Maki Mandela as she is known is one of the seven children of former South African president Nelson Mandela and his first wife Evelyn Ntoko Mase. Maki was born in 1953, becoming Mandela’s eldest daughter.
Evelyn and Nelson Mandela were married 4o something ago. They had four children, but only Maki and her older brother Makhato, who is studying law in South Africa, survive. She was named after after her older sister, born in 1947. Sadly she died in 1948, aged just nine months.
She studied high school at Waterford Kamhlaba and then went off to University of South Hare in South Africa.
The now 60-year-old was the head of the Industrial Development Group but before that she held important positions during her career at the University of the Witwatersrand and the Development Bank of Southern Africa. She received as Ph. D. Anthropology at the University of Massachusetts. And has received several professional acknowledgements.
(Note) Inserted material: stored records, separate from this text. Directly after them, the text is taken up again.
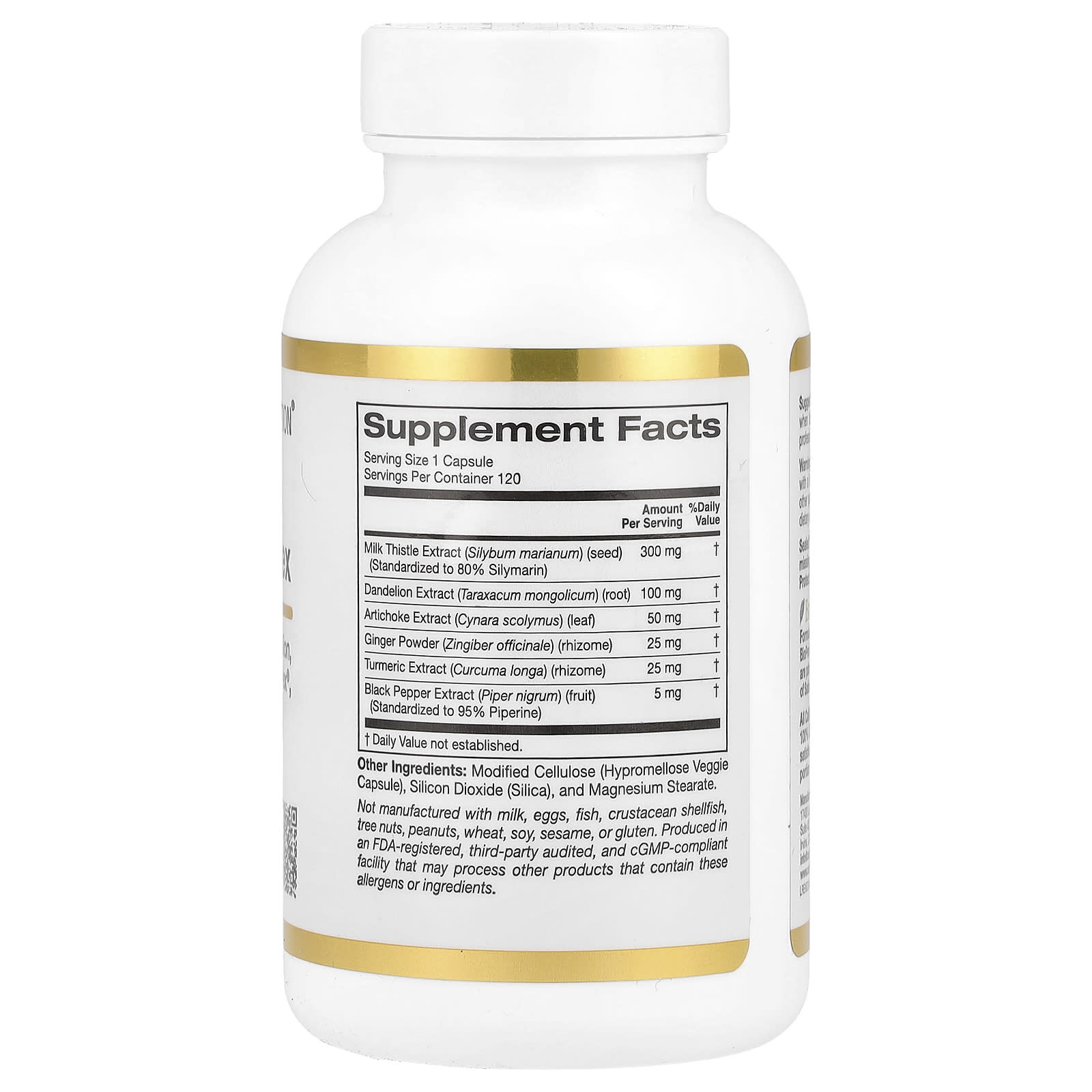 California Gold Nutrition Silymarin Complex for Liver Health - 120 Veggie Capsules - Image 2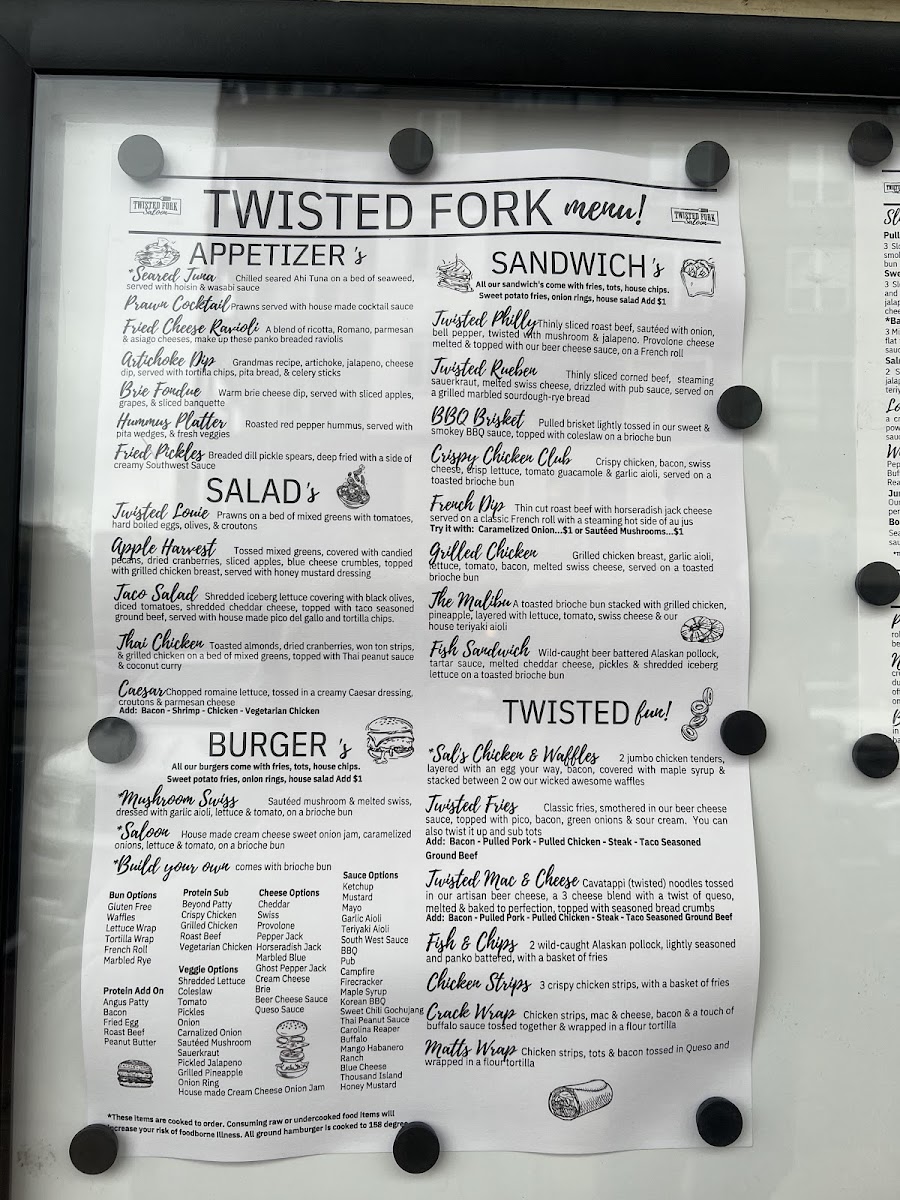 Menu Twisted Fork Saloon-3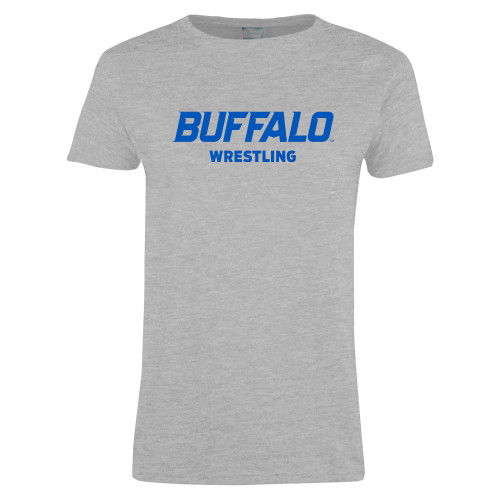  Womens Grey Short Sleeve Tee - Wrestling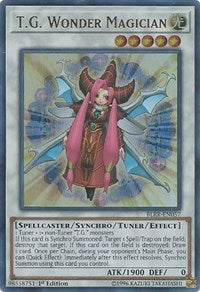 T.G. Wonder Magician [BLRR-EN057] Ultra Rare | Mindsight Gaming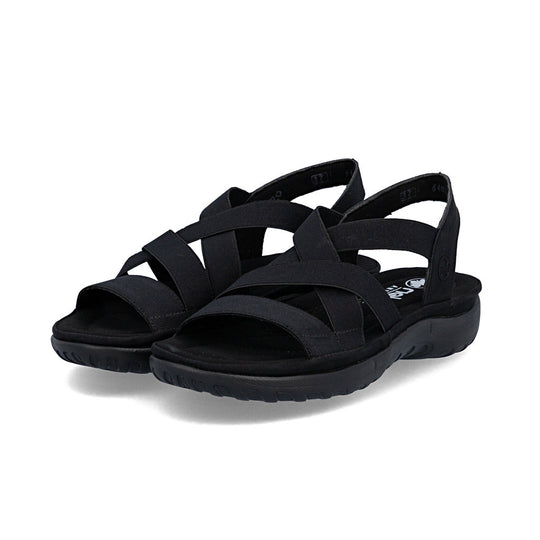 Rieker 64857 Womens Walking Sandals Black
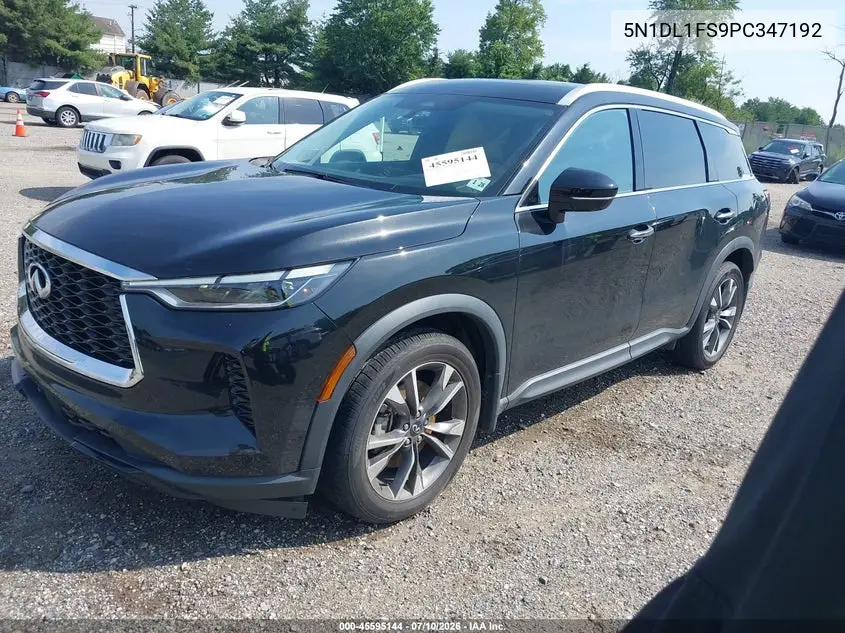 2023 Infiniti Qx60 Luxe Awd VIN: 5N1DL1FS9PC347192 Lot: 45595144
Unlike her younger sisters she is not a firm supporter of the African National Congress and she is not a spokeswoman for her father, Nelson Mandela. But this does not comes as a shock since Maki has never really had any time with her father. After her parents’ divorce, she lived with her mother in Johannesburg. For the first eight years of her father’s imprisonment, she could not visit him: Children younger than 16 were barred from seeing their incarcerated parents. After she turned 16, she was allowed in for 45 minutes once or twice a year.
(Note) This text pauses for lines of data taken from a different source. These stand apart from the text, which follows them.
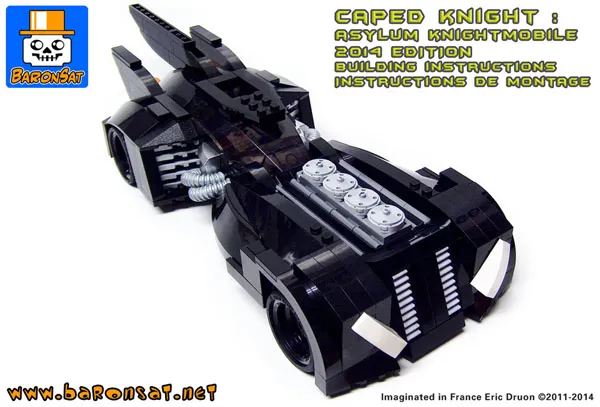 Lego moc Rocksteady Batmobile instructions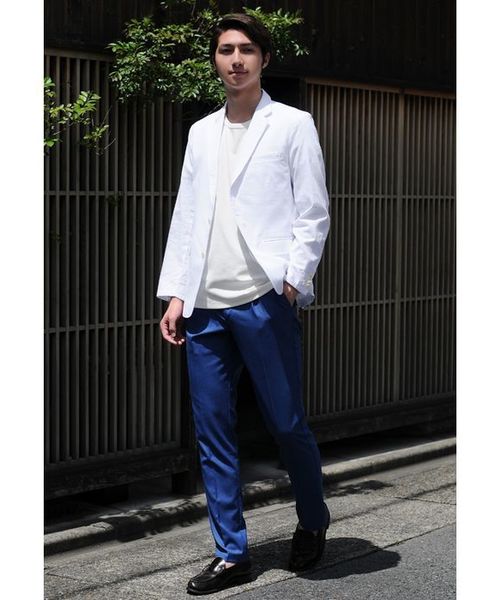 EVOLUTION(エボリューション)の「上質な大人のTシャツ 至極の逸品(Tシャツ/カットソー・メンズ・ネイビー/オフホワイト・XX-LARGE/MEDIUM/LARGE/X-LARGE)」の5枚目の写真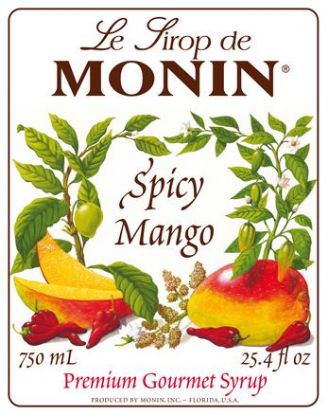 Picture of Monin SPICY MANGO - Σιρόπι Πικάντικο Μάνγκο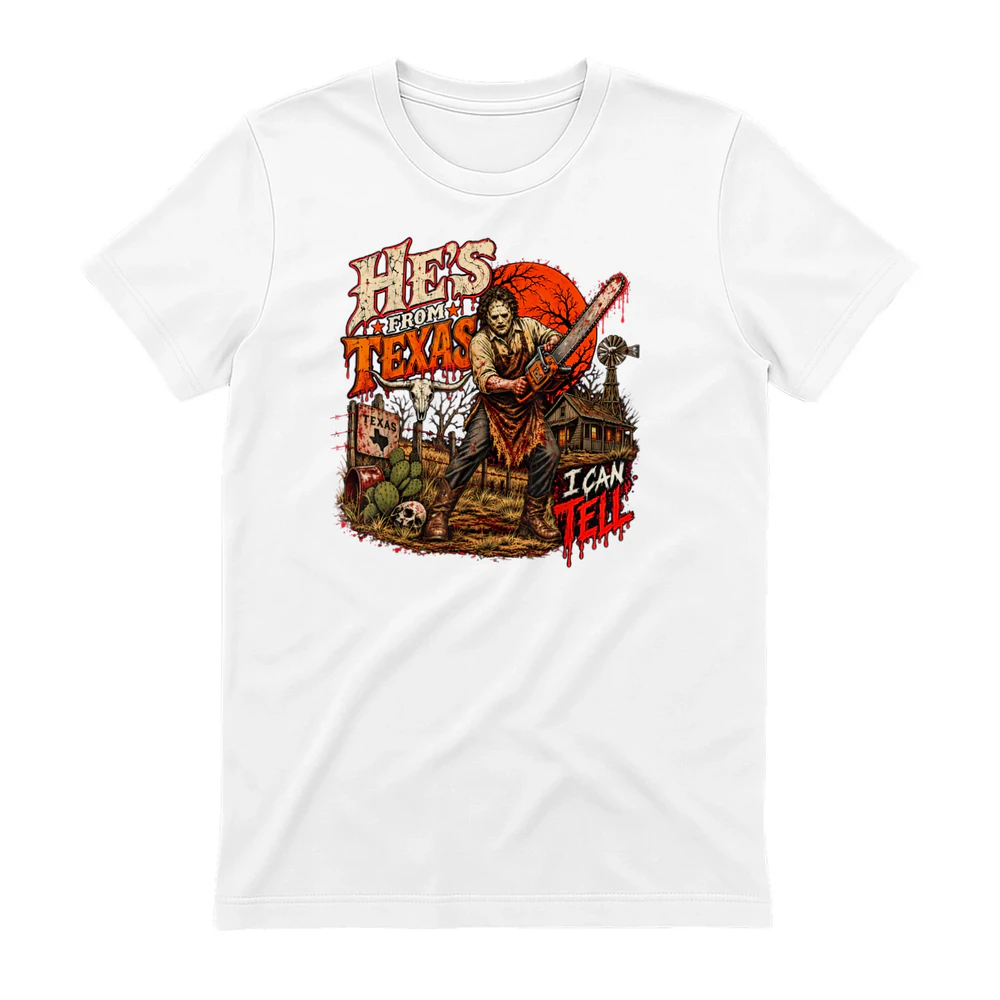 He's from Texas I Can Tell Lone Star Scary Horror Halloween T-Shirt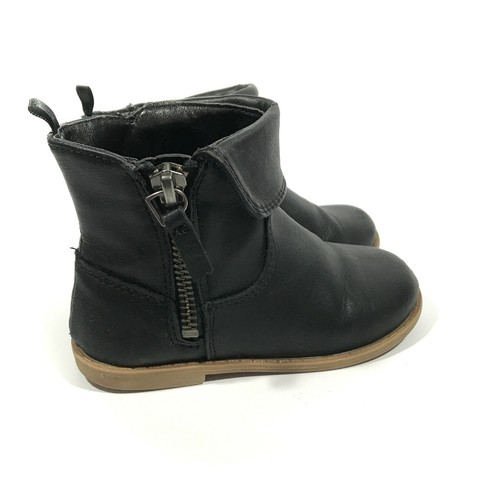 Niña Pequeña (7) BOTAS DE TOBILLO OTOÑO INVIERNO negro cuero sintético vestido botas cremallera - Imagen 4 de 11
Maki felt deeply troubled when people referred to her father as Christ saying:
`My father is not Jesus Christ,” Maki insists. “He’s just a human being. He said it himself in his first speech in Capetown: `I’m not a prophet.’ But nobody listened.”
She later became director of the Nelson Mandela Foundation accepting her legacy. She is mother of a daughter, Tukwini 38, and two sons, Dumani, 36, and Kweku, 28.